WHAT YOU SHOULD DO: Copy out the data that comes next, character for character, and leave the images aside.

MATERIAL PROVIDED:
━━━
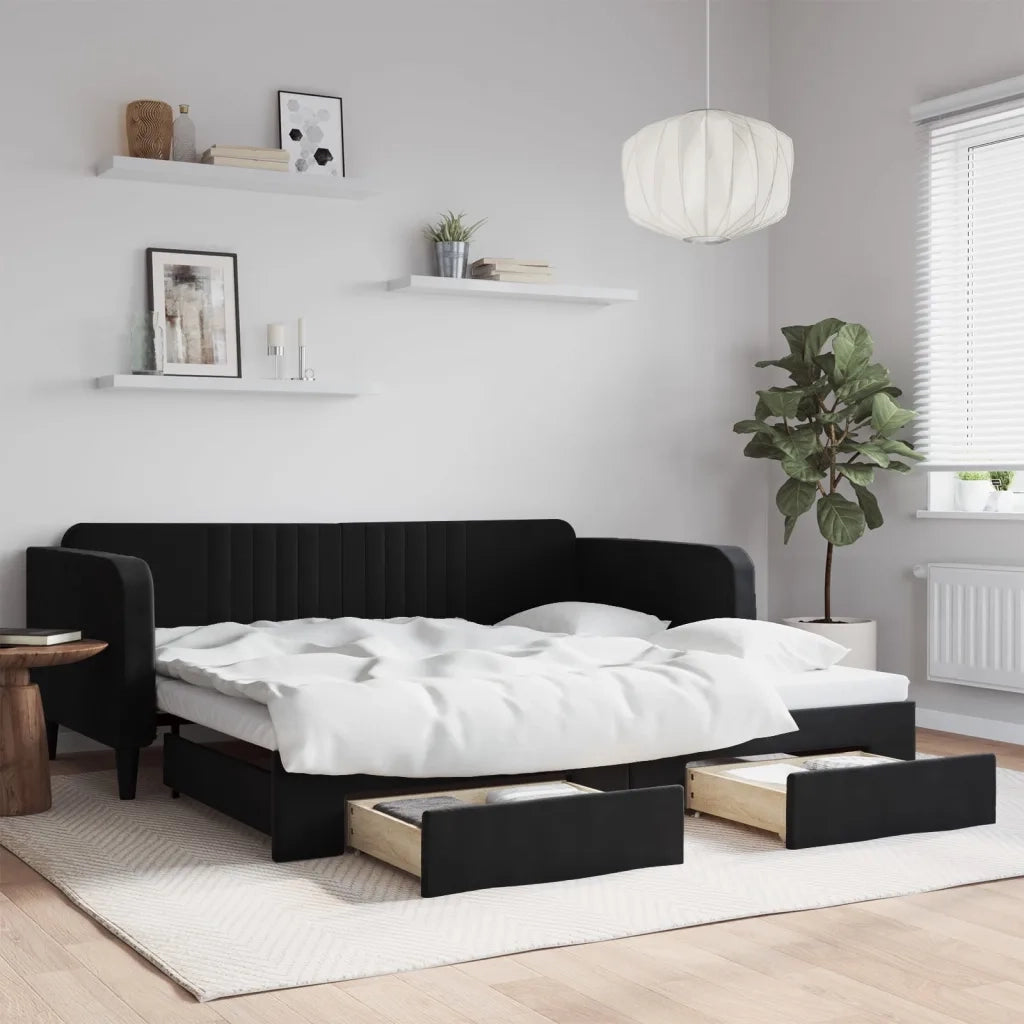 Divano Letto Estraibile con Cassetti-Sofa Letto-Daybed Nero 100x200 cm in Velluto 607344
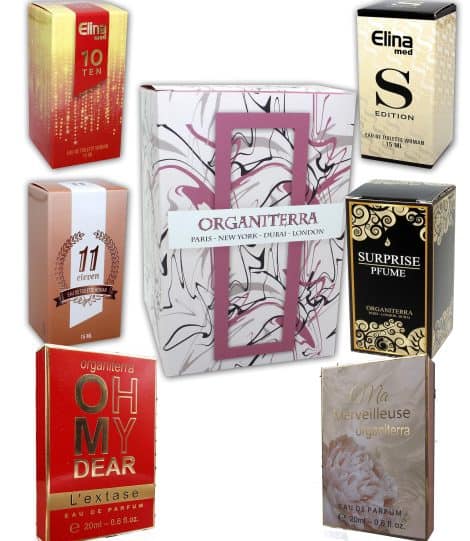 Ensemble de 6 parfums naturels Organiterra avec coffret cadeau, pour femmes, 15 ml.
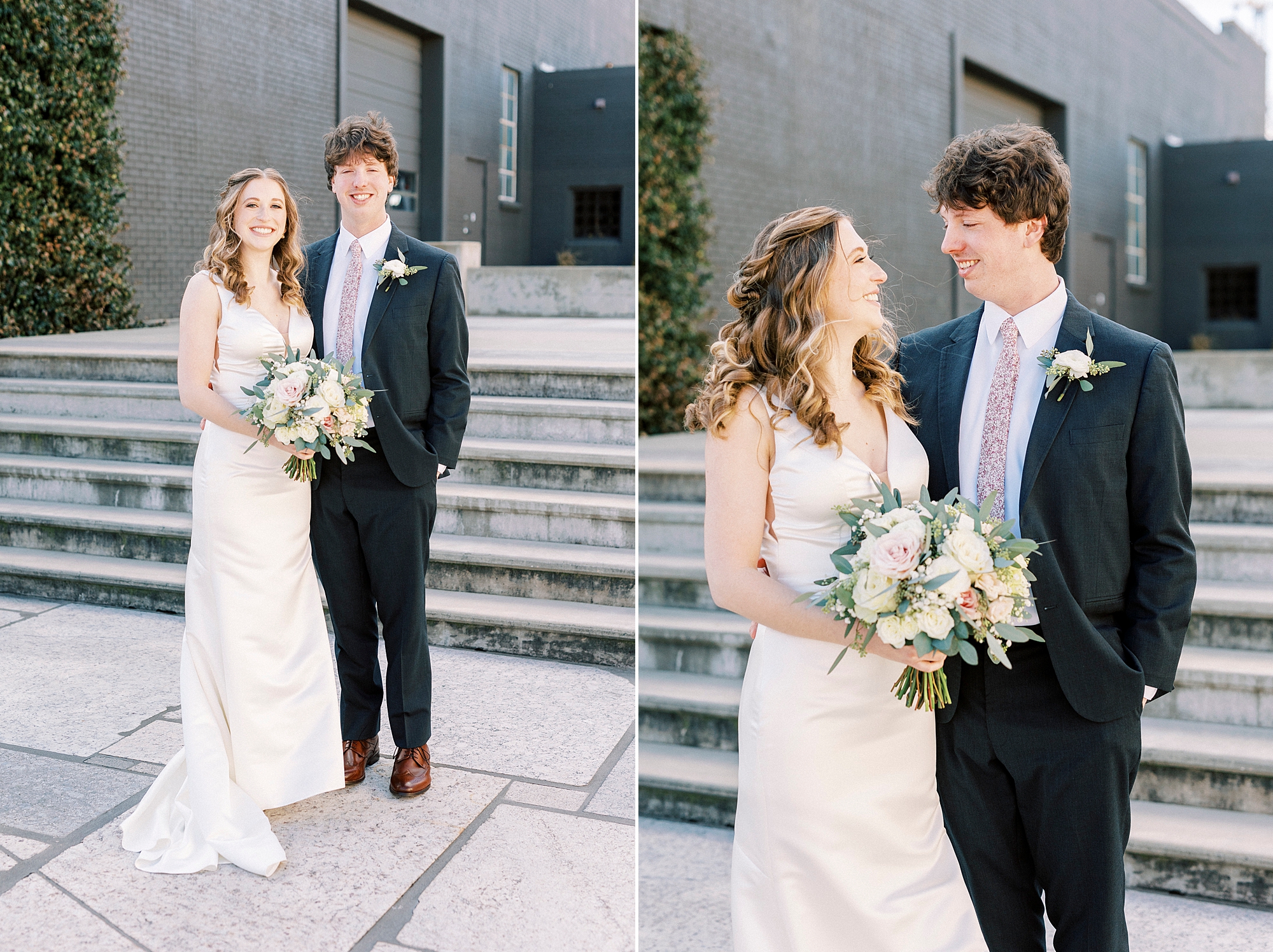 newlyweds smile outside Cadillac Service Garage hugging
━━━
PROBLEM SOLUTION:
 Divano Letto Estraibile con Cassetti-Sofa Letto-Daybed Nero 100x200 cm in Velluto 607344
 Ensemble de 6 parfums naturels Organiterra avec coffret cadeau, pour femmes, 15 ml.
 newlyweds smile outside Cadillac Service Garage hugging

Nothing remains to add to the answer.